GIVEN ENTRIES -

=====

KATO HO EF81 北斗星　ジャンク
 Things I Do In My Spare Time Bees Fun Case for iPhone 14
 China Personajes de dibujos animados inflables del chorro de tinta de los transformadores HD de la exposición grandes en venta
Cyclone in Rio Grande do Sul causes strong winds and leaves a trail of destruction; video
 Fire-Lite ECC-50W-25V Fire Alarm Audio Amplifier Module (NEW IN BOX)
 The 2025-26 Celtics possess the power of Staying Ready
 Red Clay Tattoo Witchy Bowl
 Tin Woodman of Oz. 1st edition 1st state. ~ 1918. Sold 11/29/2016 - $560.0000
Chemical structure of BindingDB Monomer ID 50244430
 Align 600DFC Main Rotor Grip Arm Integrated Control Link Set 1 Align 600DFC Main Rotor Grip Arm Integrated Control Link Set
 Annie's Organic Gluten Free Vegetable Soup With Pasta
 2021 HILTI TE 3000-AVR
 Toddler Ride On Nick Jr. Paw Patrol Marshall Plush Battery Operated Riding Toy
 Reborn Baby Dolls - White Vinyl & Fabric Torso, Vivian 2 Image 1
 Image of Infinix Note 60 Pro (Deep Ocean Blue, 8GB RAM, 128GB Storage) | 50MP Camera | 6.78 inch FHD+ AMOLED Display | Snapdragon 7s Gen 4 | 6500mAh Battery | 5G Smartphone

=====

ASSIGNMENT - Here the job is to transcribe the lines from the first line of the data through the line containing "Tin Woodman of", inclusive, exactly and with nothing else.

ANSWER SPACE -
KATO HO EF81 北斗星　ジャンク
 Things I Do In My Spare Time Bees Fun Case for iPhone 14
 China Personajes de dibujos animados inflables del chorro de tinta de los transformadores HD de la exposición grandes en venta
Cyclone in Rio Grande do Sul causes strong winds and leaves a trail of destruction; video
 Fire-Lite ECC-50W-25V Fire Alarm Audio Amplifier Module (NEW IN BOX)
 The 2025-26 Celtics possess the power of Staying Ready
 Red Clay Tattoo Witchy Bowl
 Tin Woodman of Oz. 1st edition 1st state. ~ 1918. Sold 11/29/2016 - $560.0000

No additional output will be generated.